Chief whip of the Democratic Unionist Party in the Northern Ireland Assembly
- In office 1973–1974
- Leader: Ian Paisley
- Preceded by: Position created
- Succeeded by: Position abolished

Member of the Northern Ireland Assembly for North Antrim
- In office 28 June 1973 – 1974
- Preceded by: Assembly established
- Succeeded by: Assembly abolished

Member of Carrickfergus Borough Council
- In office 30 May 1973 – 2 November 1974
- Preceded by: Council created
- Succeeded by: Desmond Scott
- Constituency: Carrickfergus Area B

Personal details
- Born: December 1931 Carrickfergus, County Antrim, Northern Ireland
- Died: 2 November 1974 (aged 42)
- Party: Democratic Unionist Party (from 1971)
- Other political affiliations: Independent Unionist (1962 - 1971)

= James Craig (County Antrim, 20th century) =

James Anderson Craig (December 1931 – 2 November 1974) was a Northern Irish unionist politician who was a founder member of, and early leading figure in, the Democratic Unionist Party (DUP).

==Background==
Educated at Larne Grammar School, Craig became a foreman for the Courtaulds company.
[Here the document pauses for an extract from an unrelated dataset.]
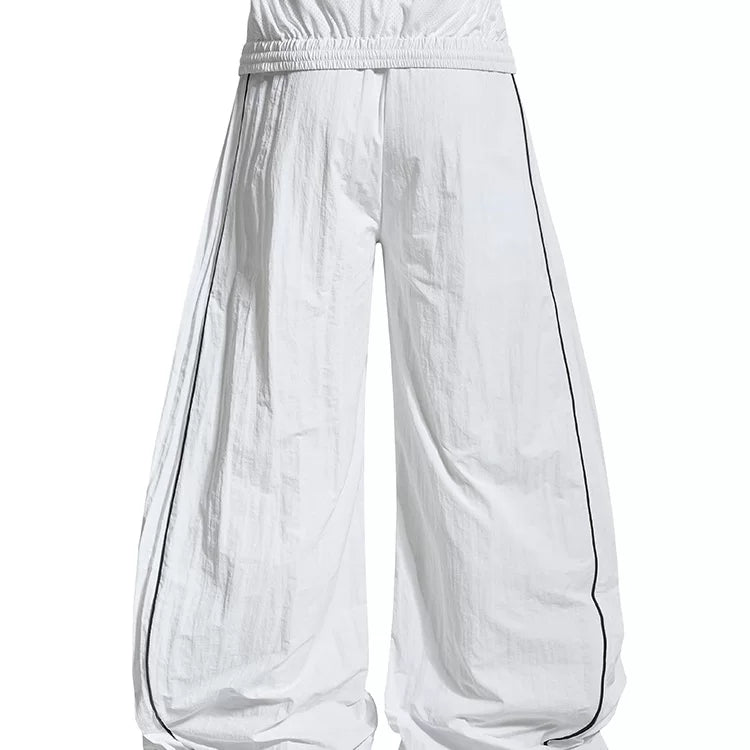 American retro white wide leg curved knife paratrooper pants for men and women, loose double waist, contrasting stripes, casual sports pants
Although outside the establishment of the Ulster Unionist Party, he was nonetheless able to gain local representation as an Independent Unionist, serving as a member of Carrickfergus Borough Council from 1962 onwards, including a spell as deputy mayor from 1973 to 1974. He also served as a member of the Northern Ireland Housing Council from 1973 to 1974.

He attempted to gain election to the Parliament of Northern Ireland for Carrick in the 1969 election but lost to the UUP's Anne Dickson However Craig's profile rose somewhat with the formation of the DUP in 1971. He was a founder member of the party and also sat on its executive until his death, whilst chairing the Carrickfergus branch of the party. As a consequence Craig was elected to the 1973 Assembly for North Antrim and was DUP chief whip.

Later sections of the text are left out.